Cross-Node LatencyCross-node latency is minimized with GPUDirect RDMA support, allowing for efficient data transfer across nodes.

Network BottlenecksThe primary bottleneck is mitigated by NVLink and NVSwitch, but host-to-device PCIe bandwidth can become a limiting factor if not properly managed.

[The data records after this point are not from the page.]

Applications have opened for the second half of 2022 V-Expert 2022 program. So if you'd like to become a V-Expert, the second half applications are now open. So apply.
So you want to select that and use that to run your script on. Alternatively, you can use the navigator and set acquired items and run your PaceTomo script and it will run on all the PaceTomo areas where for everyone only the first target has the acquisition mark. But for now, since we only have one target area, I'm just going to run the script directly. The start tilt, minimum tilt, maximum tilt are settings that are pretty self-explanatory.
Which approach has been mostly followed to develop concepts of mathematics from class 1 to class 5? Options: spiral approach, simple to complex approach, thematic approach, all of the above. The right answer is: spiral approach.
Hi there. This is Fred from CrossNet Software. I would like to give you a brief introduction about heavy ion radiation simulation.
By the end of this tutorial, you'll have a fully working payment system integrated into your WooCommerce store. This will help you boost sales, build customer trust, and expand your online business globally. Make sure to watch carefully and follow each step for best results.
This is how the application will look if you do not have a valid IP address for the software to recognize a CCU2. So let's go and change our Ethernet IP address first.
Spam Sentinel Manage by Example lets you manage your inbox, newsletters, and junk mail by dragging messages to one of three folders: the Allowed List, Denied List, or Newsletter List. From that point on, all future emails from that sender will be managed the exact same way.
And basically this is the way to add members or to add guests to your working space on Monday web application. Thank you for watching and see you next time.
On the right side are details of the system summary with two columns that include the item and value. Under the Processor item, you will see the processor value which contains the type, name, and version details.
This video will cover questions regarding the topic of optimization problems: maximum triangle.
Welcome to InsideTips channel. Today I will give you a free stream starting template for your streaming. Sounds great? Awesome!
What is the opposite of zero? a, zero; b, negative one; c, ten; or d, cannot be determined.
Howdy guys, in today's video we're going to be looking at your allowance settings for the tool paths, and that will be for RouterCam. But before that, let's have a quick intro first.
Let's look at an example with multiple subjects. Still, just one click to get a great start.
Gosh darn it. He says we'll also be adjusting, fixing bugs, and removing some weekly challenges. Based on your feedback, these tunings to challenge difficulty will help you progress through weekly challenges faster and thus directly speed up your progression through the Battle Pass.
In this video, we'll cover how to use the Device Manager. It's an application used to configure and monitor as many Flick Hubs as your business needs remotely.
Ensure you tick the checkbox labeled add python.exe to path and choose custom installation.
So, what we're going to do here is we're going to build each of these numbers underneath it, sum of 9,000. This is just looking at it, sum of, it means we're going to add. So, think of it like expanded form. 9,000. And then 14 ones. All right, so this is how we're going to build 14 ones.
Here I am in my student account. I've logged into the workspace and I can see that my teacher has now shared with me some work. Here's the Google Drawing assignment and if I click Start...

ParallelismSupports Data, Model, Pipeline, and Tensor Parallelism, compatible with frameworks like DeepSpeed and Megatron for efficient distributed training.

Workload Readiness

LLM Training

The GB200 NVL72, likely based on a recent architecture such as Blackwell, is expected to support multi-node scalability for training large models up to 400B+ parameters due to its high VRAM capacity and advanced interconnects.

LLM Inference

Optimized for high token-per-second throughput with ample KV cache headroom, making it suitable for efficient inference of large language models.

Vision Training

With its advanced architecture, the GB200 NVL72 is highly capable of handling large-scale vision model training, leveraging its high throughput and memory bandwidth.

Diffusion Models

Well-suited for diffusion models due to its high computational power and efficient tensor core operations, enabling fast training and inference cycles.

Multimodal AI

The GPU's architecture supports complex multimodal AI workloads, offering high bandwidth and compute capabilities for simultaneous processing of diverse data types.

Reinforcement Learning

Ideal for reinforcement learning tasks, providing fast environment simulation and model updates due to its high processing power and parallelism.

HPC / Simulation

Expected to have strong FP64 support, making it suitable for HPC simulations that require high precision calculations.

Scientific Computing

Highly capable for scientific computing tasks, leveraging its architecture's efficiency in handling complex calculations and large datasets.

Edge Inference

Not optimal for edge inference due to potentially high TDP and large form factor, better suited for data center environments.

Real-Time Serving

Capable of real-time AI serving with low latency and high throughput, thanks to its advanced architecture and efficient core operations.

Fine-Tuning

Highly efficient for full fine-tuning of large models due to its substantial VRAM and compute resources.

LoRA Efficiency

Efficient for LoRA fine-tuning, providing sufficient resources for parameter-efficient training methods.

Market Authority

Key Strengths

The GB200 NVL72 excels at handling large-scale AI and machine learning tasks, offering superior performance in model training and inference. Its advanced architecture and high memory bandwidth make it stand out for demanding computational workloads.

Limitations

Potential limitations include high power consumption and cooling requirements. Availability may be constrained by demand and production capacity. Users should ensure compatibility with existing infrastructure and consider the cost implications of deploying such high-performance hardware.

Also in the Lineup

GeForce RTX 4090 Founders Edition

NVIDIA

GeForce RTX 5080 Founders Edition

NVIDIA

GeForce RTX 5090 RTX 5090

NVIDIA

H100 NVL

Expert Insight

The GB200 represents a strategic leap in AI compute. When comparing cloud providers, consider not just the hourly rate, but also the interconnect bandwidth (InfiniBand/NVLink) and regional availability which can significantly impact total cost of ownership for large-scale training.

Glossary Terms

FP32 TFLOPS

VRAM

TDP

Cores

Information updated daily. Cloud pricing subject to vendor availability.